За ним вошел Эндест Силанн, выглядевший слишком юным для всего серьезного.
Верховная жрица Эмрал Ланир казалась чем-то одержимой. Лицо ее вытянулось, окруженные синевой глаза запали. Власть титула и преимущества высокого положения пропали вместе с верой; каждый жрец и каждая жрица, перебегая к Синтаре, словно наносили ей персональный предательский удар.

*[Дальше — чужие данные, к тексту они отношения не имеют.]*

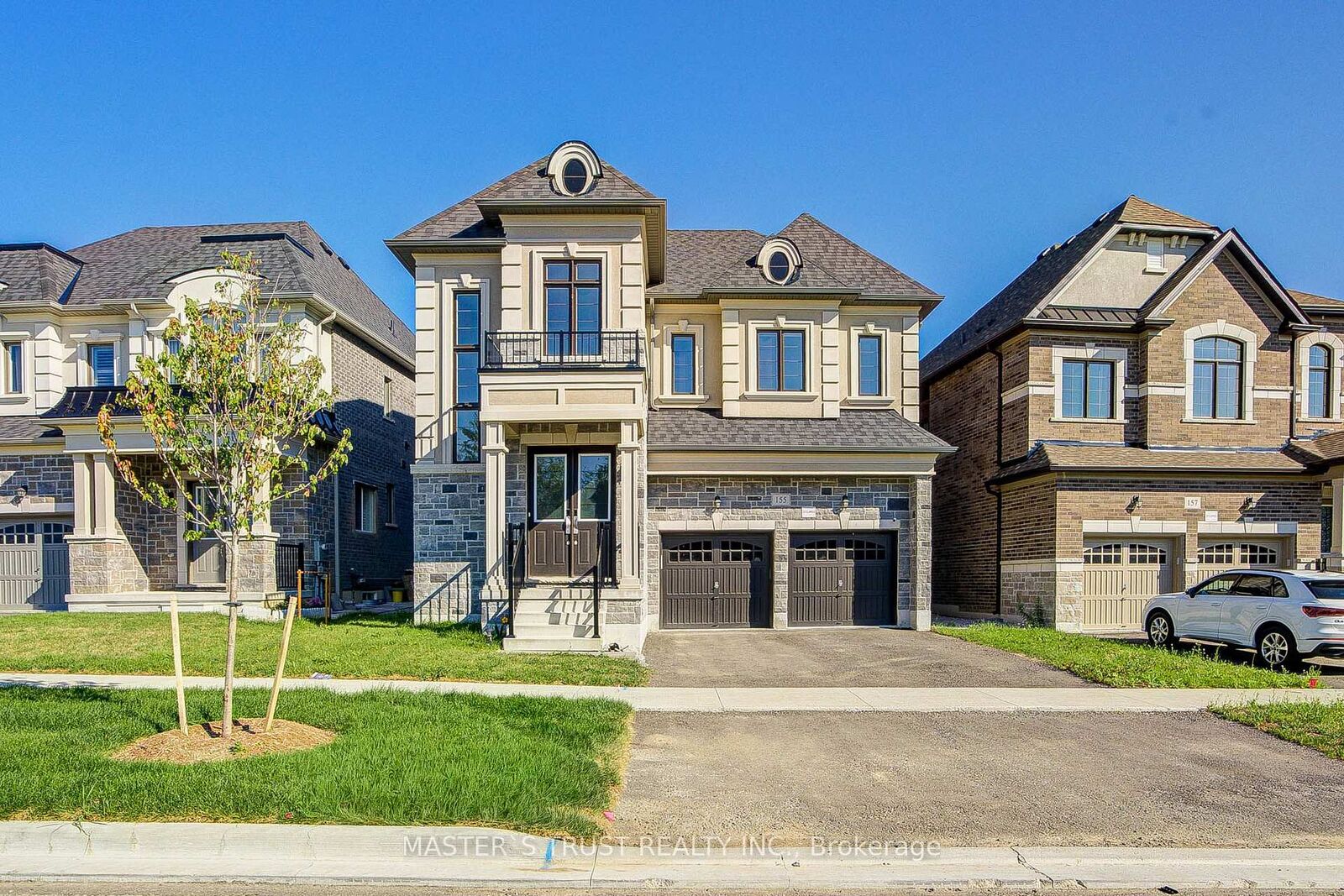 Property Photo:  155 Prairie Rose Drive  ON L4S 1L9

— Ее позиция, — сказал Кедорпул, и глазки на круглом лице смотрели сурово, — не на стороне отрицателей. В этом можно быть уверенным.

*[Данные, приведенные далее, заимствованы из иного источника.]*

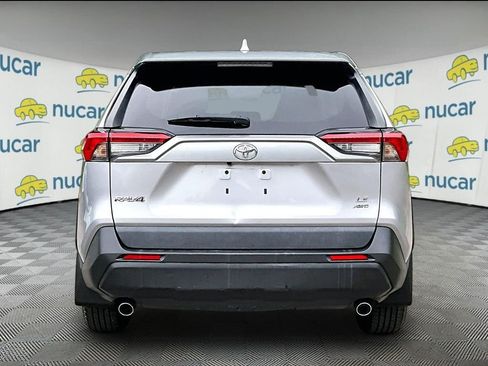 Certified 2022 Toyota RAV4 LE AWD/4WD image 5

Райз Херат все еще мысленно сопротивлялся физическому преображению детей Матери Тьмы, рождению Андиев, пятном расползавшемуся по избранным. Ночь уже не ослепляла, не скрывала от взоров ничего. "Но мы всё ещё ходим на ощупь". Он всегда полагал себя хозяином тела... если не упоминать случайности болезней и ранений, которые могут проявиться в любой миг. Он не ощутил прикосновения ладони Матери, но не было сомнений — она его пометила. Выбора нет. "Но теперь я знаю, что это неправильно. Многие бегут от ее благословения".

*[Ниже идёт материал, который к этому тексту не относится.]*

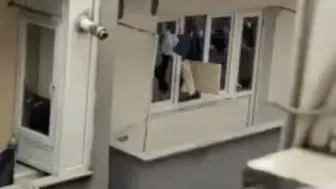 Kağıthane'de sinir krizi geçiren şahıs evdeki eşyaları sokağa attı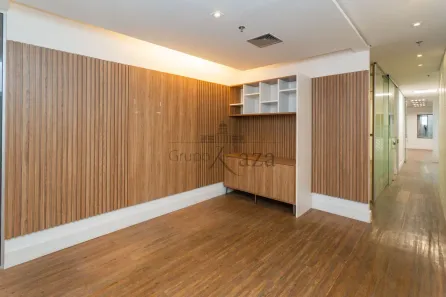 Prédio Comercial com 9 Quartos à venda, 484m² no Vila Nova Conceição, São Paulo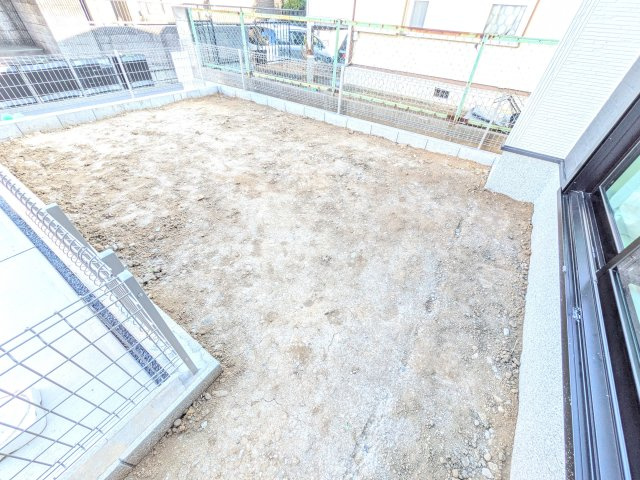 牛久市神谷1丁目　01期　新築戸建ての庭|リビングに明るい光を届ける南庭。
お子様の遊び場やペットのスペースとしても最適です。
室内外で心地よい暮らしが叶います。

Эмрал не ответила на слова Кедорпула. Жрец откашлялся и продолжил: — Верховная жрица, разве это уже не война трех вер? Нам ничего не известно о намерениях Синтары. Похоже, она ставит себя в оппозицию всем, но это вряд ли назовешь сильным ходом.
— И, возможно, ей осталось недолго, — сказал Эндест Силанн.
Взгляд Эмрал скользнул по аколиту, словно не узнавая. И тут же она отвела глаза.
Кедорпул посмотрел на Райза, словно ища помощи: — Историк, что вы думаете обо всем этом?
"Мысли? Какой в них прок?" — Синтара ищет убежища в Легионе Урусандера. Но я гадаю, искренне ли они ее приветили? Не мешает ли она их целям?
Кедорпул фыркнул: — Разве они и так всё не смешали? Бить по беднякам, чтобы бросить вызов знати — что может быть нелепее? — Он снова посмотрел на Эмрал. — Верховная жрица, говорят, они нападают на отрицателей во имя Матери Тьмы. Она ведь должна отвернуть притязания?
Кажется, Эмрал поежилась. Дрожащими руками оттащила стул от занимавшего почти всю комнату стола и села, словно устав от собственного молчания. Заговорила далеко не сразу. — Вера в необходимость веры... Я думаю... — она оглянулась, встретившись глазами с историком, — только это у нас и есть. И было.
— Мы изобретаем богов? — спросил Райз. — Нет вопросов, эту богиню мы изобрели. Но, как можно видеть по лицам окружающих — и в зеркалах — вера пометила нас. Вот и доказательство ее силы.
— Ее ли силы? — пробормотала Эмрал.
Кедорпул шагнул вперед и встал перед жрицей на колено. Ухватился за ее левую руку, крепко сжав. — Верховная жрица, сомнения — наша слабость, их оружие. Нам нужна решимость.
— У меня ее нет.
— Тогда нужно смастерить ее собственными руками! Мы отныне Дети Ночи. Неведомая река разделила Тисте, мы упали по эту и по ту сторону. Нас рассекли надвое, верховная жрица, и нужно найти смысл.
Она оглядела его покрасневшими глазами. — Найти смысл? Не вижу смысла, кроме самого разделения, рваной линии между кляксой и белизной пергамента. Посмотри на историка и увидишь истину моих слов, тоску, ими внушаемую. Как мне отвечать на потери? Огнем и зверским рвением? Внимательно погляди на Мать Тьму и узришь путь, ею избранный.
— Он неведом никому из нас, — возразил Кедорпул.
— Речной бог отдал священные места. Воды рождения отступили. Между нами нет войны воли. Синтару не отогнали, но она сбежала сама. Мать Тьма ищет мира и никому не будет бросать вызов.